Windows Azure, Xbox Live Experience Problems as Xbox One Launches update from November 2013
Xbox One launch day turned out to be a rough ride for the Windows Azure cloud computing service, which helps power Xbox Live. The platform was plagued by problems for much of Thursday, including storage and network issues.
November 22, 2013
The interior of a 40-foot container inside the new Microsoft Chicago data center, packed with servers on either side of a center aisle (Photo: Microsoft).
This is a big week for Microsoft. Thursday's release of the Xbox One gaming system marked the culmination of years of hardware development (including a reported $100 million investment in the controller design) - and months of marketing hype. To boost its focus on the online gaming aspect of Xbox One, Microsoft touted its use 300,000 servers to support the Xbox One network.
But launch day turned out to be a rough ride for the Windows Azure cloud computing service, which helps power Xbox Live. The platform was plagued by problems for much of Thursday, including a storage outage early in the day, followed by performance problems that Microsoft attributed to DNS issues outside of its network.
"We are experiencing an issue with Storage in North Central US," Microsoft reported on its Azure service dashboard. "Customers may experience intermittent timeouts when accessing storage in North Central US. The number of customers impacted is extremely low." The problems soon spread to other regions - including the South Central US, North Europe, Southeast Asia, West Europe, East Asia, East US and West US - before being resolved at around 11:30 am UTC time.
The North Central US would suggest the issue may focus on Microsft's infrastructure in Chicago, where the company built a huge container data center with servers housed inside shipping containers. But don't blame the containers - the storage in Chicago is housed in a traditional colocation data hall in another part of the Chicago facility.

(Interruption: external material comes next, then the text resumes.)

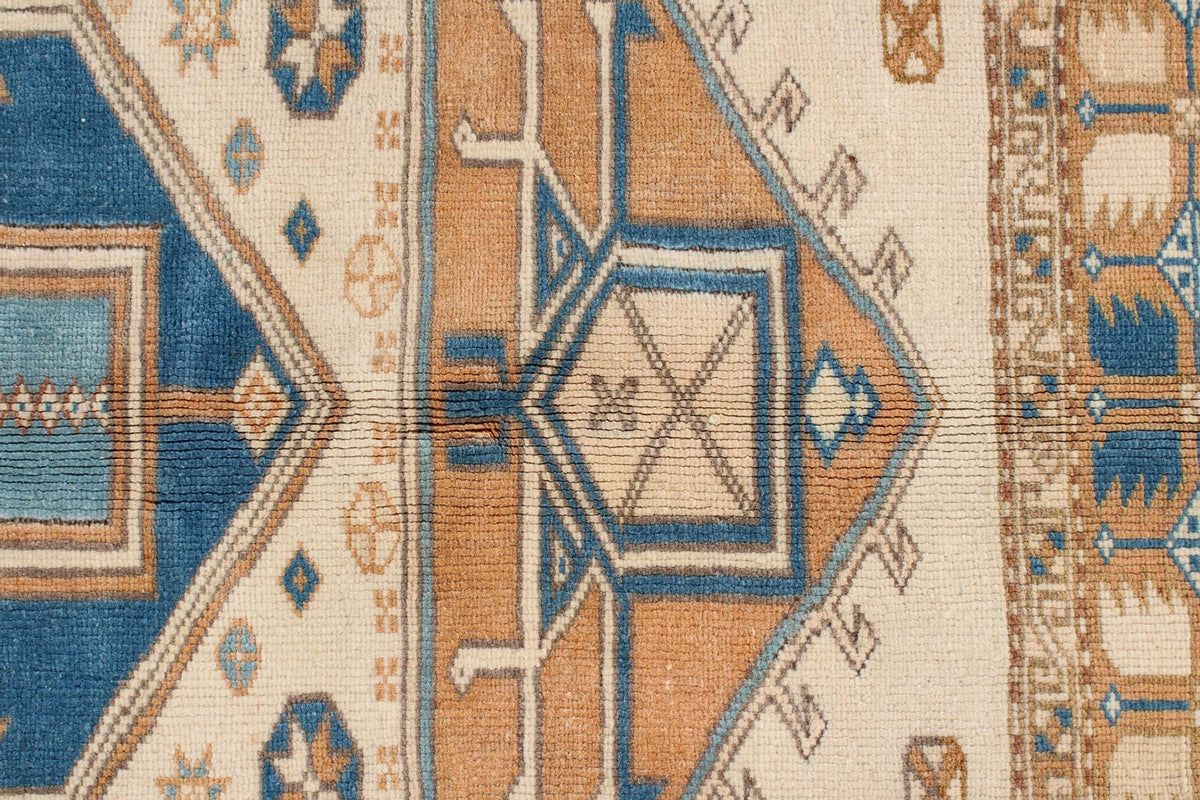 5x7 Beige and Blue Kazak Tribal Rug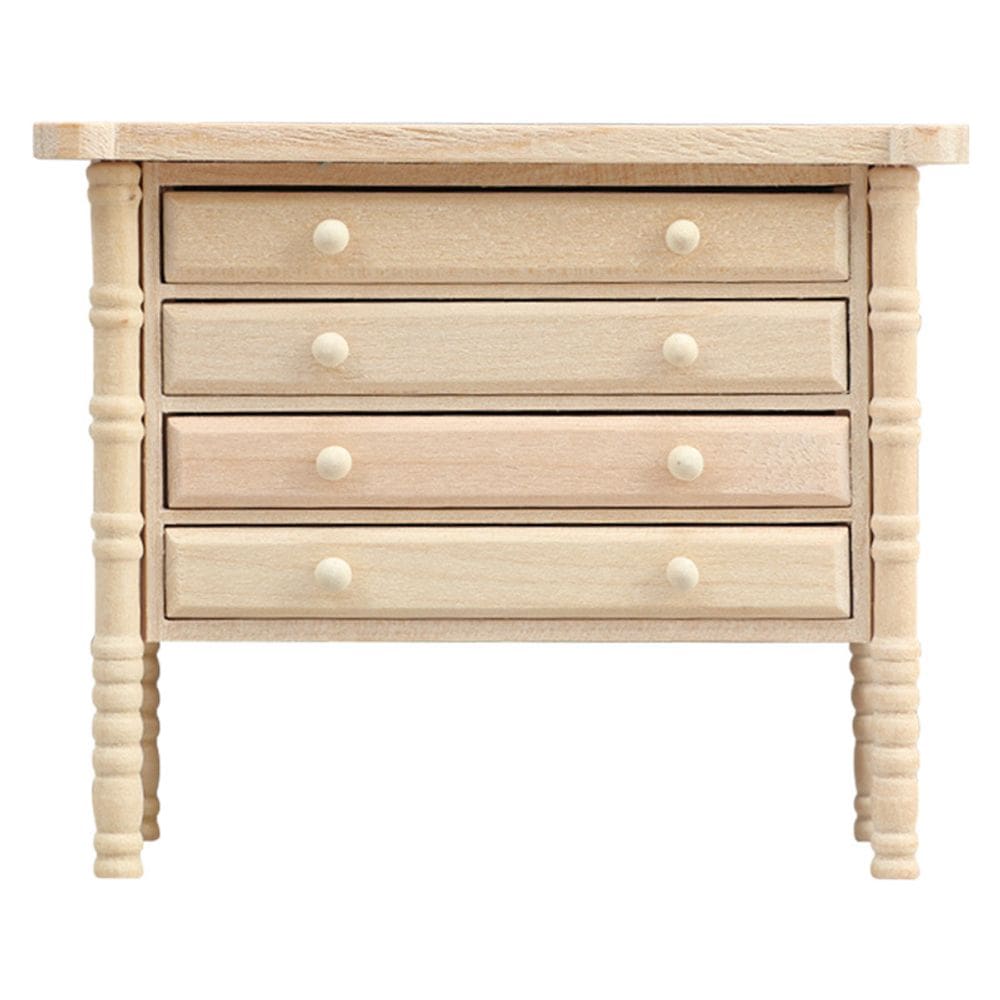 Armário de gaveta de madeira em miniatura em escala 1:12 para casas de bonecas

Shortly afterward, Azure started seeing "an intermittent issue" with networks in the North Europe and West US regions. A Microsoft rep later tweeted that that issue was DNS-related and did not originate on their system.
@gigabarb @mappingbabel Correct - the issue today was a widespread DNS issue (and the DNS management was on servers outside of Azure).
— Scott Guthrie (@scottgu) November 22, 2013
Nonethelesss, the multi-region issues got the attention of one of a prominent analyst tracking cloud services.
Azure's cross-region outages means that multi-region deployment isn't really a useful strategy for higher availability.